Statwing's approach to statistical testing

# T-Test (Independent Samples) Statwing represents t-test results as distribution curves. Assuming there is a large enough sample size, the difference between these samples probably represents a “real” difference between the populations from which they were sampled.

Note: The below discusses the unranked “independent samples t-test”, the most common form of t-test.

## Definition

A t-test helps you compare whether two groups have different average values (for example, whether men and women have different average heights).

## Example

Let’s say you’re curious about whether New Yorkers and Kansans spend a different amount of money per month on movies. It’s impractical to ask every New Yorker and Kansan about their movie spending, so instead you ask a sample of each—maybe 300 New Yorkers and 300 Kansans—and the averages are \$14 and \$18. The t-test asks whether that difference is probably representative of a real difference between Kansans and New Yorkers generally or whether that is most likely a meaningless statistical fluke.

Technically, it asks the following: If there were in fact no difference between Kansans and New Yorkers generally, what are the chances that randomly selected groups from those populations would be as different as these randomly selected groups are? For example, if Kansans and New Yorkers as a whole actually spent the same amount of money on average, it’s very unlikely that 300 randomly selected Kansans each spend exactly \$14 and 300 randomly selected New Yorkers each spend exactly \$18. So if you’re sampling yielded those results, you would conclude that the difference in the sample groups is most likely representative of a meaningful difference between the populations as a whole.

## Definition

A t-test asks whether a difference between two groups’ averages is unlikely to have occurred because of random chance in sample selection. A difference is more likely to be meaningful and “real” if
(1) the difference between the averages is large,
(2) the sample size is large, and
(3) responses are consistently close to the average values and not widely spread out (the standard deviation is low).

The t-test’s statistical significance and the t-test’s effect size are the two primary outputs of the t-test. Statistical significance indicates whether the difference between sample averages is likely to represent an actual difference between populations (as in the example above), and the effect size indicates whether that difference is large enough to be practically meaningful.

The “One Sample T-Test” is similar to the “Independent Samples T-Test” except it is used to compare one group’s average value to a single number (for example, do Kansans on average spend more than \$13 per month on movies?). For practical purposes you can look at the confidence interval around the average value to gain this same information.

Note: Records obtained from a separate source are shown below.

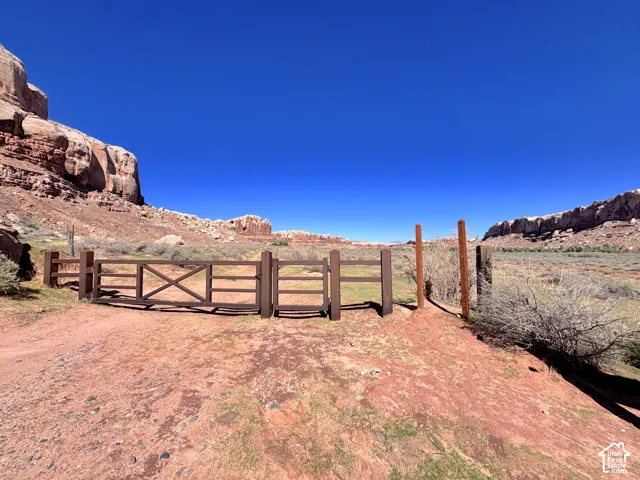 Natural landscape featuring prominent red rock formations, native brush, and a structural wood-plank gated entry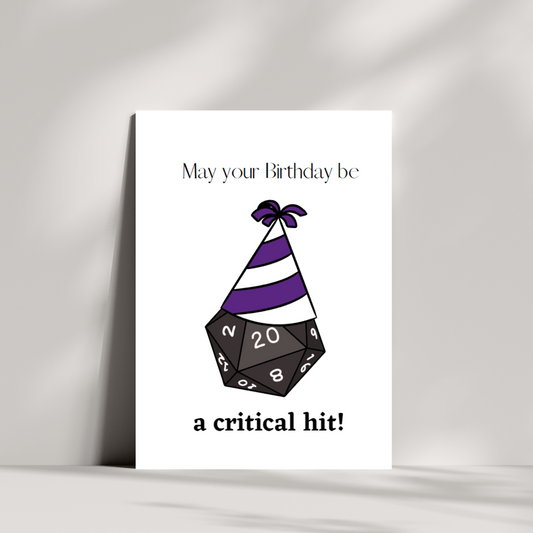 May your birthday be a critical hit birthday card - D20 wearing party hat birthday card
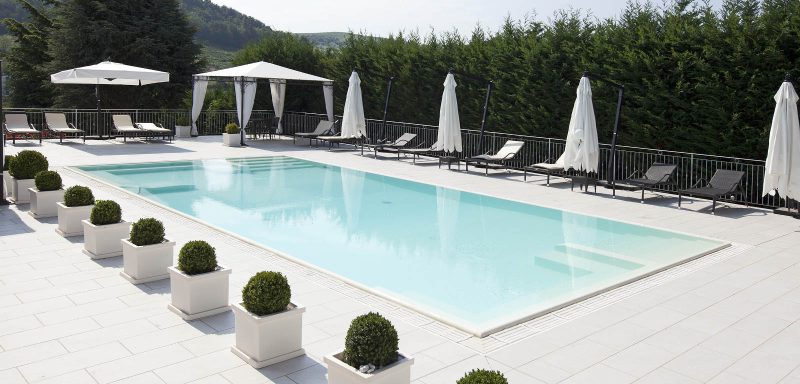 piscina rettangolare a bordo sfioro con scale e panche idromassaggio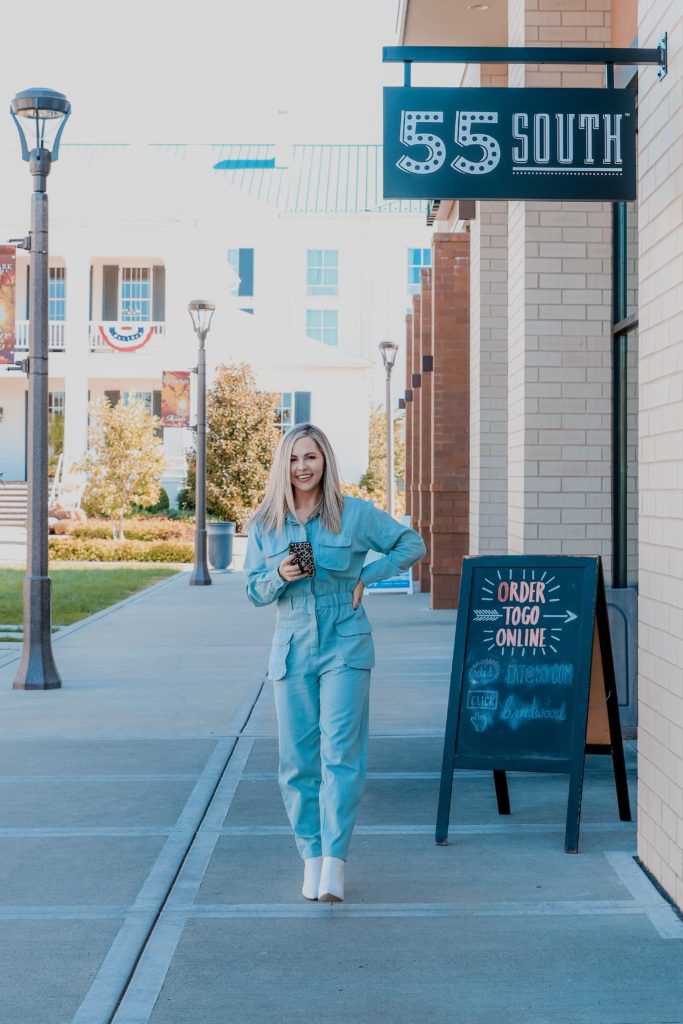 Boiler Suit Fashion styled for Fall by top US fashion blog, Nashville Wifestyles: image of a woman wearing an Express denim boiler suit.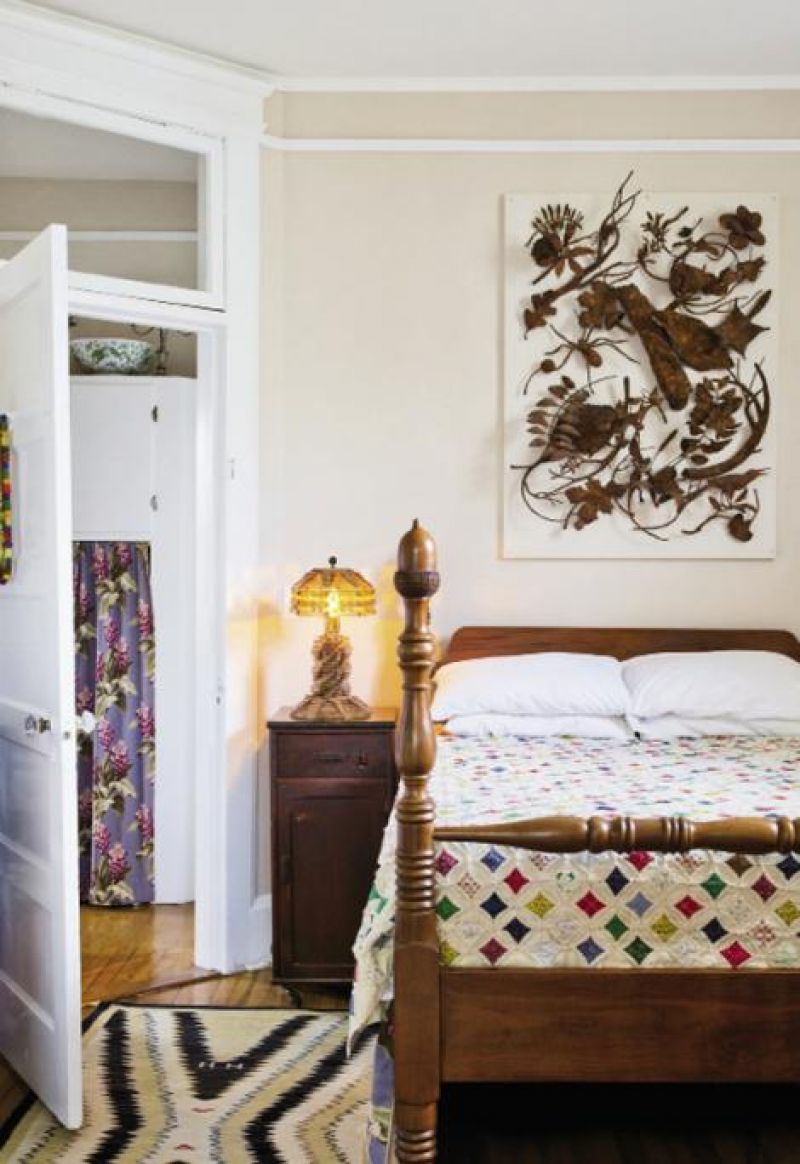 bedside manor: In the master bedroom, an acorn four-poster bed and Hamilton chest of drawers, both handed down through Mark’s family, pair with a sculptural piece by Folly Beach artist Joe Walters.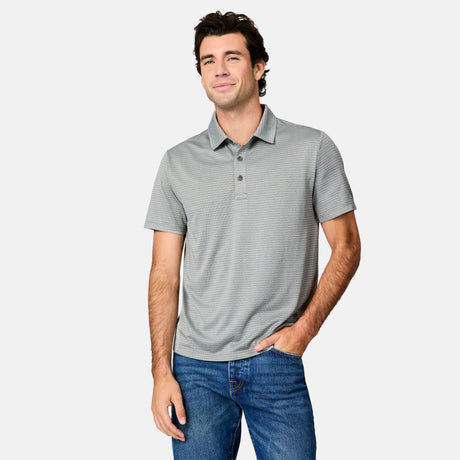 [Jacob is 6’1.5" wearing size M] Man wearing a gray striped polo shirt and blue jeans on a white background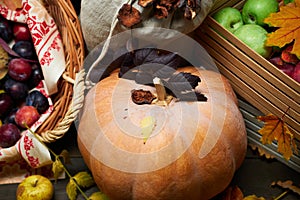 Autumn still life in rustic style as a background - leaves, vegetables and fruits, nuts and other natural food ingredients on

The “paired t-test” is used when each observation in one group is paired with a related observation in the other group. For example, do Kansans spend more money on movies in January or in February, where each respondent is asked about their January and their February spending? In effect a paired t-test subtracts each respondent’s January spending from their February spending (yielding the increase in spending), then take the average of all those increases in spending and looks to see whether that average is statistically significantly greater than zero (using a one sample t-test).

The “ranked independent samples t-test” asks a similar question to the typical unranked test but it is more robust to outliers (a few bad outliers can make the results of an unranked t-test invalid).